Task instructions: No pictures go into the copy. Write out exactly the lines below from the one containing "It's likely this" through the one containing "Don't do anything".

[Source records Boundary: Start]

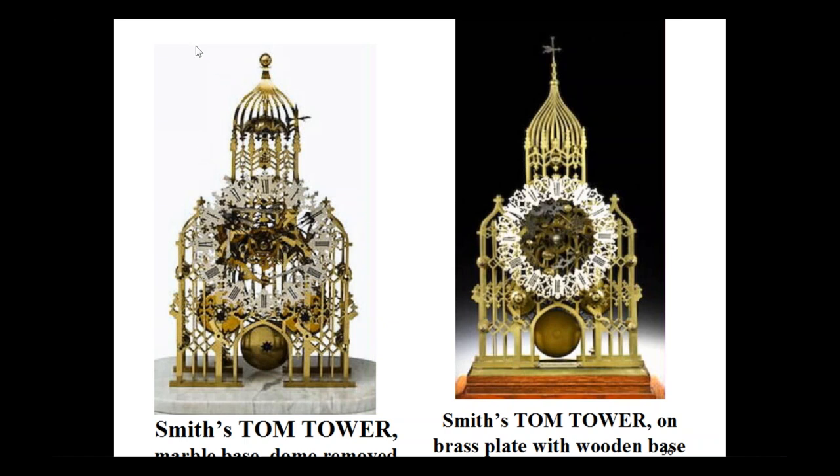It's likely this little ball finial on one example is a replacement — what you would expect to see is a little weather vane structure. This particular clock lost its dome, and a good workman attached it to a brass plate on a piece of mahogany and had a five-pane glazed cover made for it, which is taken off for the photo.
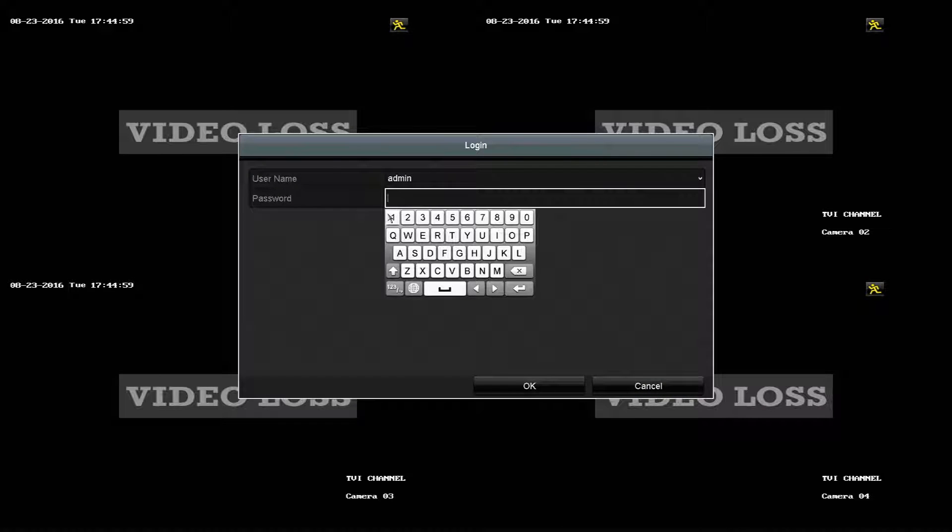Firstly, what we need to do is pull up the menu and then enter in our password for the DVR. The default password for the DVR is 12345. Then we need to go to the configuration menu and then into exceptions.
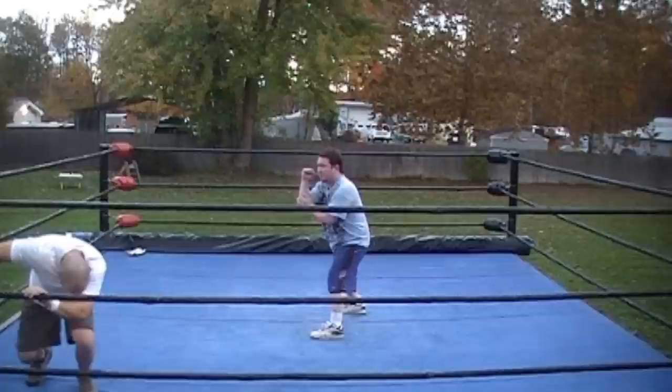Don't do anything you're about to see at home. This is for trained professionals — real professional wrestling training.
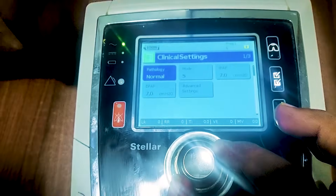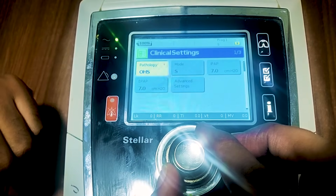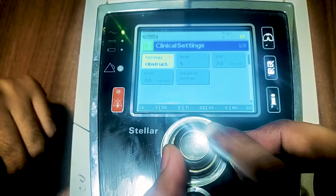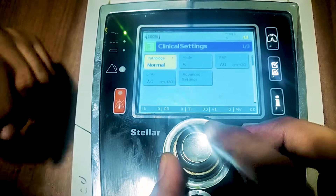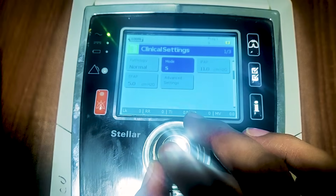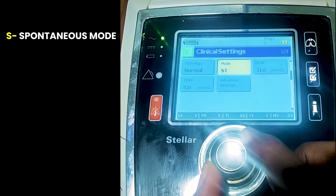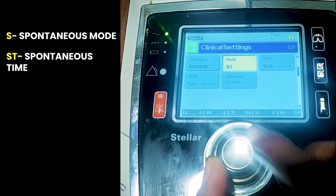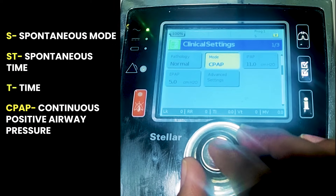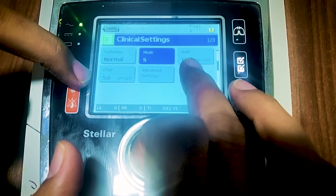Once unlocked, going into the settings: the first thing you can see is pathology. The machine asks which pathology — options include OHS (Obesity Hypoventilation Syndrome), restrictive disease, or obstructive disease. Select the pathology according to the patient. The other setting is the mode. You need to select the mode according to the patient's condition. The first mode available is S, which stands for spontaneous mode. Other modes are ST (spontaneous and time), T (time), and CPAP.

[Source records Boundary: End]
[Source records Boundary: Start]

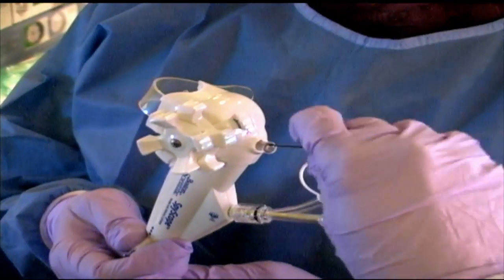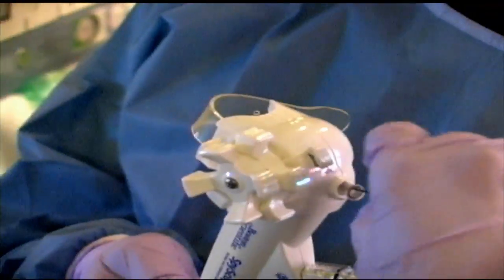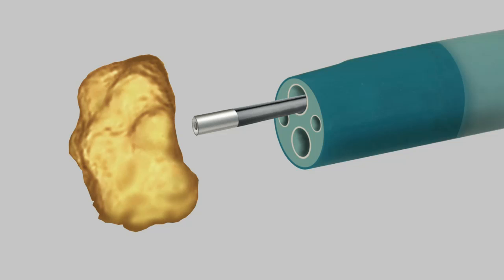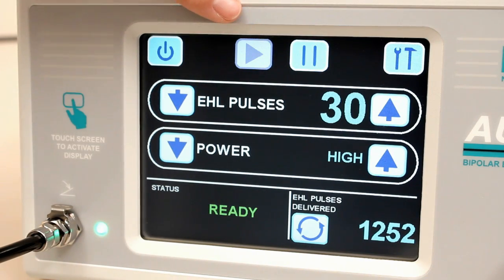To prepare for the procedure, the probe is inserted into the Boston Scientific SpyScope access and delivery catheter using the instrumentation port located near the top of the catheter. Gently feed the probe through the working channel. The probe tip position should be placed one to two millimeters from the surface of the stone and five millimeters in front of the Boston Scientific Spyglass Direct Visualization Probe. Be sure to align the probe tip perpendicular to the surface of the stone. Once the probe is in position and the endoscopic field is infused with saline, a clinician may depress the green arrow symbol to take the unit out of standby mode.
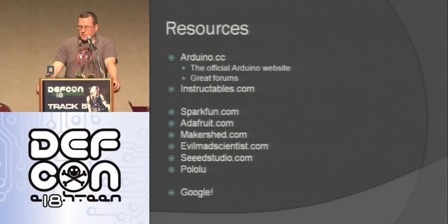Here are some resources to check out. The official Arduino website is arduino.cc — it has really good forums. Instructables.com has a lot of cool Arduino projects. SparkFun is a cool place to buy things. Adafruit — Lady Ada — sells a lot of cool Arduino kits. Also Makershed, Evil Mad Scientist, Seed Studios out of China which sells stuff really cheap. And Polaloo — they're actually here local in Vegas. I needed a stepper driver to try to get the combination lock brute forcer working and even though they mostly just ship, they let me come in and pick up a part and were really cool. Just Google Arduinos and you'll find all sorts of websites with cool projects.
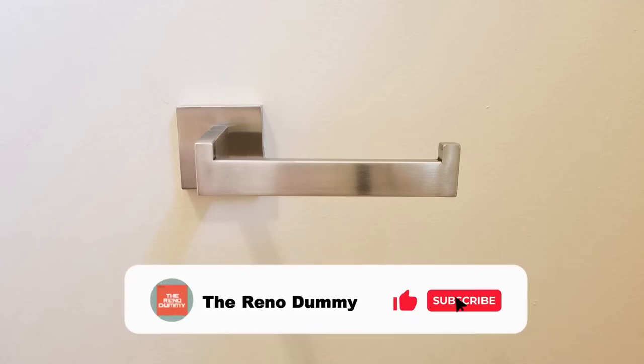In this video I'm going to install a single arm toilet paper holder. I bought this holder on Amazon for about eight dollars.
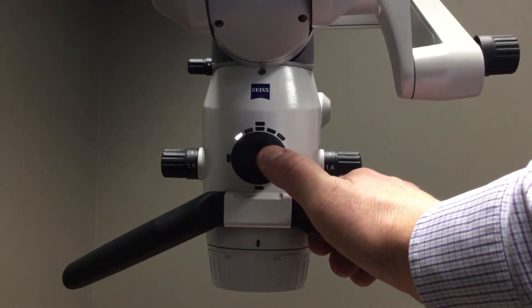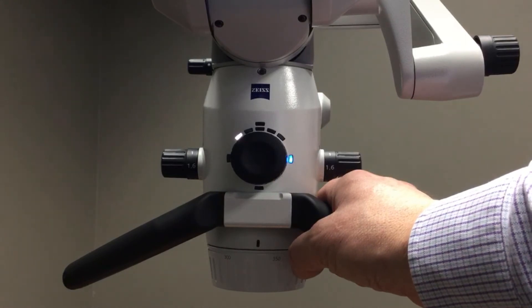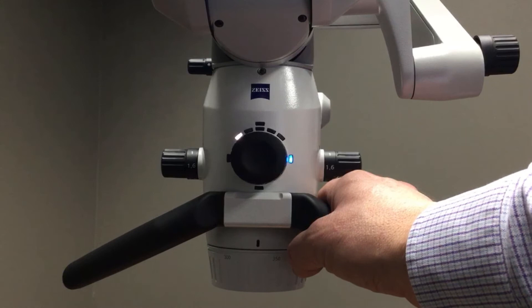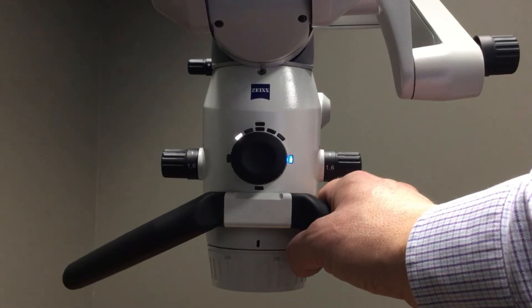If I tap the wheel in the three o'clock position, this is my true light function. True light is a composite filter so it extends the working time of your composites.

[Source records Boundary: End]
[Source records Boundary: Start]

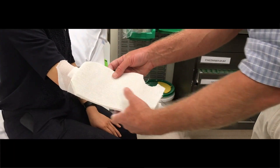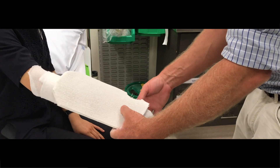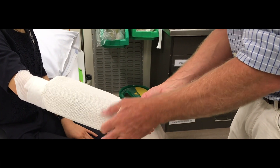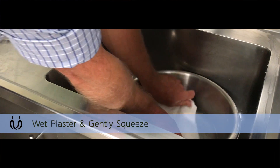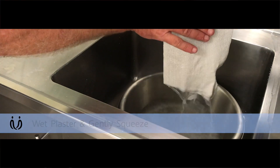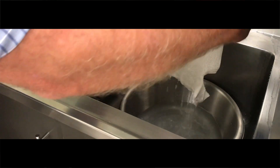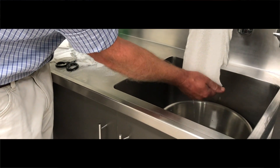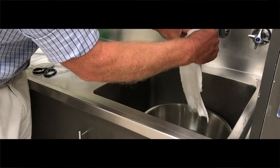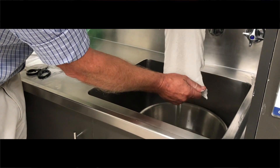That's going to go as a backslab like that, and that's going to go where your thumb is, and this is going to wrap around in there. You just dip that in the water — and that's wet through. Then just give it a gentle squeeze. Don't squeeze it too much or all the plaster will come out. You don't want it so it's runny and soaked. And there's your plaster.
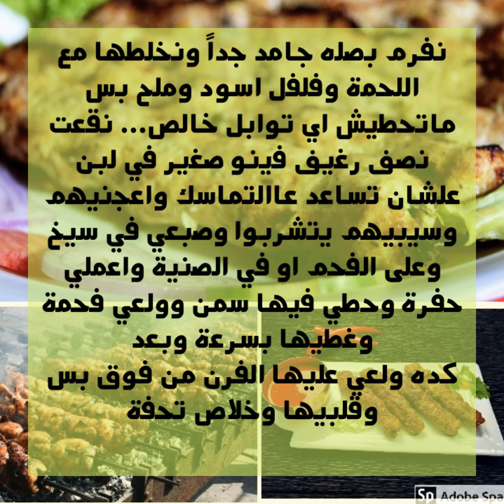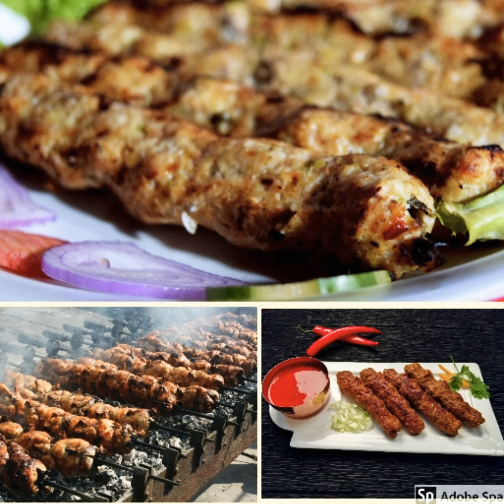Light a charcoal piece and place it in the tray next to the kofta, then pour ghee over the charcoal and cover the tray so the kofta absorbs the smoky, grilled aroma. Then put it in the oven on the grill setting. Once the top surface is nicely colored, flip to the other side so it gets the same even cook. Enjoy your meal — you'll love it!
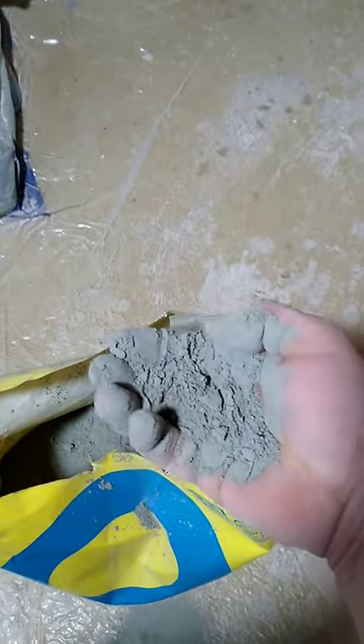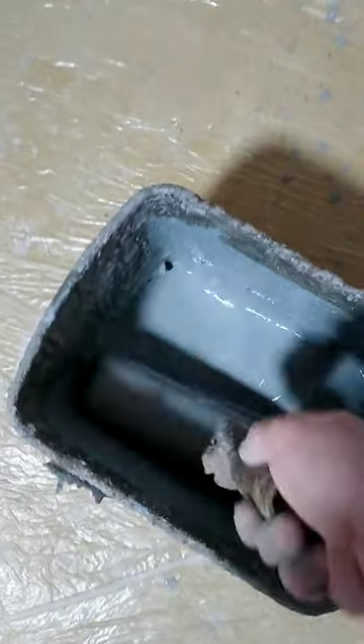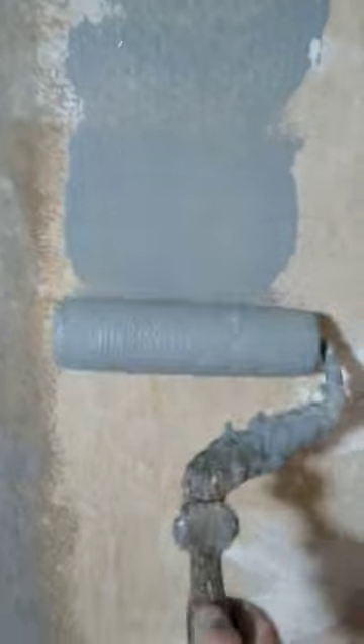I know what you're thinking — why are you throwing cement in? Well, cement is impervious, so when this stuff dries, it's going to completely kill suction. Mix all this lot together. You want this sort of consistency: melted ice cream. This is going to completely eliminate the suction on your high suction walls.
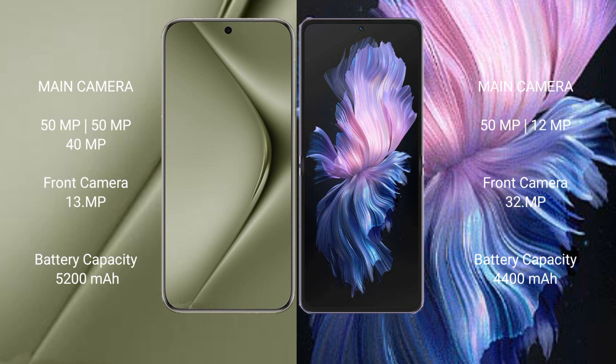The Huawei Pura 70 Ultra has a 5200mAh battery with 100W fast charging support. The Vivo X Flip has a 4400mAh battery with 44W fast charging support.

[Source records Boundary: End]

Response:
It's likely this little ball finial on one example is a replacement — what you would expect to see is a little weather vane structure. This particular clock lost its dome, and a good workman attached it to a brass plate on a piece of mahogany and had a five-pane glazed cover made for it, which is taken off for the photo.
Firstly, what we need to do is pull up the menu and then enter in our password for the DVR. The default password for the DVR is 12345. Then we need to go to the configuration menu and then into exceptions.
Don't do anything you're about to see at home. This is for trained professionals — real professional wrestling training.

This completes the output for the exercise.